In post-war Smoke (street slang for London), a certain world-class creeper (cat burglar) would like to get unbent (go straight), only there’s MI5 threatening GBH (grievous bodily harm).
It’s been three years since the end of hostilities, but young Jethro, that nonpareil among thieves, is still painfully engaged in his unequal struggle with Colonel William Walsingham. The boss of MI5 has stuff on Jethro that can land him in lock-up, where his elegant form will be subjected to the usual unspeakable indignities. Which means that when Walsingham says jump, Jethro says which roof and what exactly am I expected to steal for king and country. This time it’s a master file, detailing the membership of a secret organization engaged in fomenting political unrest. The New Order of Britain party won’t use the word, but Fascism is “what oozes out of every pore.” Sharing (understandably) MI5’s dim view of the NOB is another shadowy organization, the clandestine Cabal—vigilant, militant, Jewish.
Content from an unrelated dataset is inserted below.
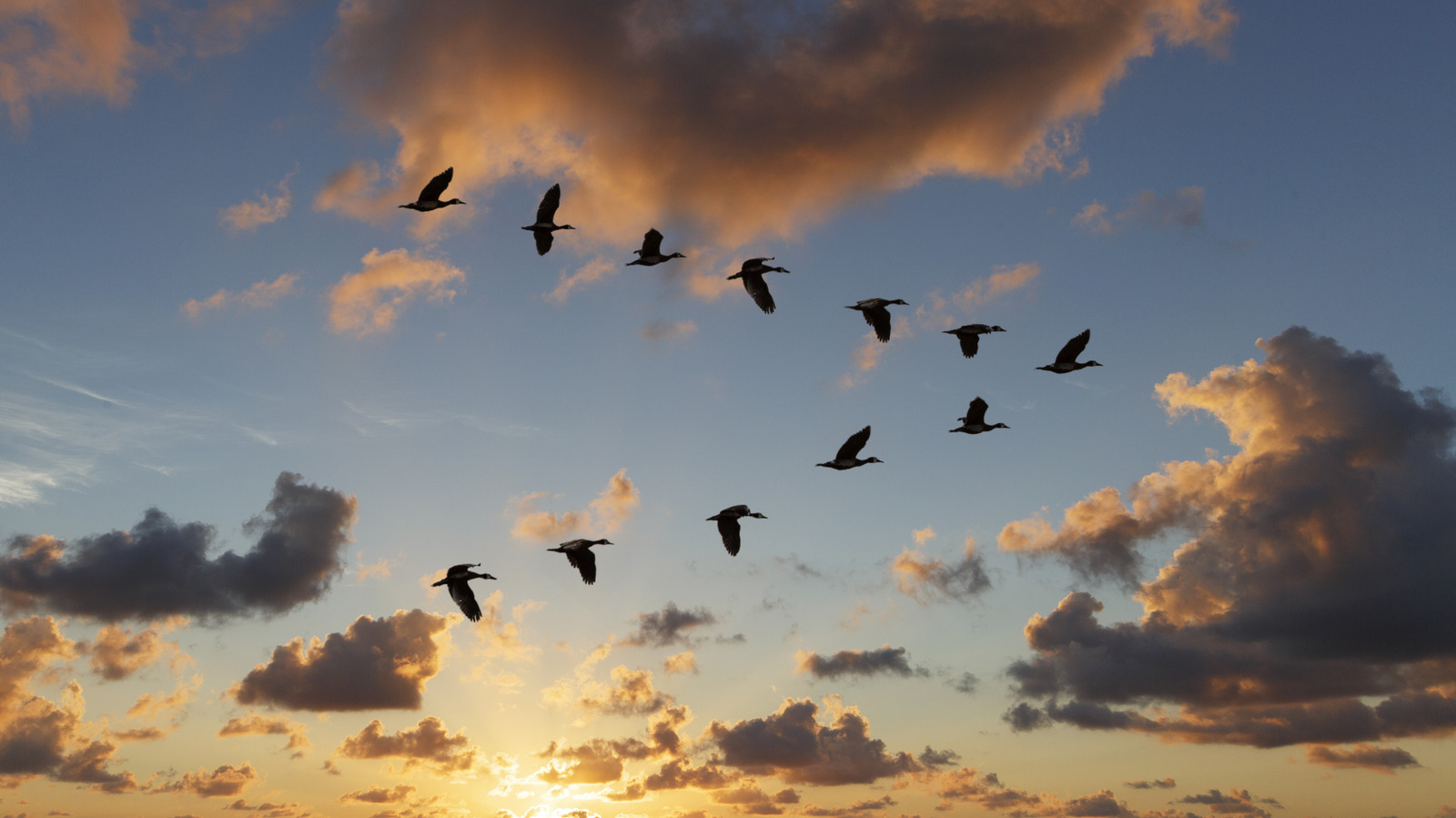 La raison pour laquelle les oiseaux volent en forme avé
The Cabal, too, wants that tell-tale master file, and, like MI5, it knows just the right “cat” to tap. So there’s Jethro, high-pressured by both to take on the same larcenous gig. For the sake of efficiency and the greater good, you’d think one might consider backing off. Oh, really? How’s-yer-father (street slang for “no way”).
Though Jethro continues to charm, some loose plotting keeps this from measuring up to his swift and sparkling debut (Smoke, 2002).